▶ [Your assignment]
In the records below, find the line containing "24 Chapel St #302, Halton Hills, ON L7G 6A7" and restate it and all lines after it exactly, through the last line.

[[ The input, beginning ]]

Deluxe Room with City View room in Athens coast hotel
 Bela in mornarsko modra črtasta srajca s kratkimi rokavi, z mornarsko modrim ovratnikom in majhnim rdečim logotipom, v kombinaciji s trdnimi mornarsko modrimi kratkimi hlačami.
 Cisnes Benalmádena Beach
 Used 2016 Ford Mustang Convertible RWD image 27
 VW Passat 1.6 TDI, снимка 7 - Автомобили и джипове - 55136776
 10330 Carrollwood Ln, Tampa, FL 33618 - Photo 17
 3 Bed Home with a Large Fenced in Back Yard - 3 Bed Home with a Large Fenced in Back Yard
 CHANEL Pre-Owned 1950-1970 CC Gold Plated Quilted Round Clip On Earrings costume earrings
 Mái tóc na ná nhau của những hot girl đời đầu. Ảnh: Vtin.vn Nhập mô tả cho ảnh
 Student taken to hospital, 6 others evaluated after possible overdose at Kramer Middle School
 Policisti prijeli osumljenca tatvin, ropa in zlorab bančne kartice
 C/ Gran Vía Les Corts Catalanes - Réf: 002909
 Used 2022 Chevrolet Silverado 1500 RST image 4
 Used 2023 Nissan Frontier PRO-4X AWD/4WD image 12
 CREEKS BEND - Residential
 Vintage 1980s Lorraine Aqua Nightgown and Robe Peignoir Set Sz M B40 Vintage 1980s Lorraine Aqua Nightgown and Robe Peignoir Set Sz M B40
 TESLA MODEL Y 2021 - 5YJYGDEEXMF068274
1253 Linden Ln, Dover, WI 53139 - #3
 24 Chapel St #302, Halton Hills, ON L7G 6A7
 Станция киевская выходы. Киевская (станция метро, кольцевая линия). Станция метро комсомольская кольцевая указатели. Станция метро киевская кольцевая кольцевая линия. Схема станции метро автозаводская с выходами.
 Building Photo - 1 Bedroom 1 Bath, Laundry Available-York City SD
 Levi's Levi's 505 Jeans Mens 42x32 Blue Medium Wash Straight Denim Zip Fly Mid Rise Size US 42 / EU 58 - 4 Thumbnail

[[ The input, end ]]

▶ [Result of this exercise]
 24 Chapel St #302, Halton Hills, ON L7G 6A7
 Станция киевская выходы. Киевская (станция метро, кольцевая линия). Станция метро комсомольская кольцевая указатели. Станция метро киевская кольцевая кольцевая линия. Схема станции метро автозаводская с выходами.
 Building Photo - 1 Bedroom 1 Bath, Laundry Available-York City SD
 Levi's Levi's 505 Jeans Mens 42x32 Blue Medium Wash Straight Denim Zip Fly Mid Rise Size US 42 / EU 58 - 4 Thumbnail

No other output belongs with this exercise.